Yesterday Harriet Harman confirmed the trusim that one should believe nothing until it is officially denied by stating that she never said "this is my moment" and then went on to deliver a devastating backhanded compliment to Brown saying she did not accept that "it is over". It's an interesting strategy to take where you support someone by reinforcing a view that you claim you don't think people should be thinking.

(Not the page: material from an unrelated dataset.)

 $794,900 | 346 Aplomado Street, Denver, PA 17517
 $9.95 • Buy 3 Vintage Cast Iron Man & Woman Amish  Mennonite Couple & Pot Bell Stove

What however is Brown to do about any of this? He's been castigated for his obsession with working all hours of the day and night (usefully coined by him as "getting on with the job"), to the point where people say he should take a holiday. He then takes a holiday and everyone starts manoevering around him. If he acts he confirms the workaholic obssessive tag and if he doesn't he's screwed as well. One might almost feel sorry for him but only for a nanosecond.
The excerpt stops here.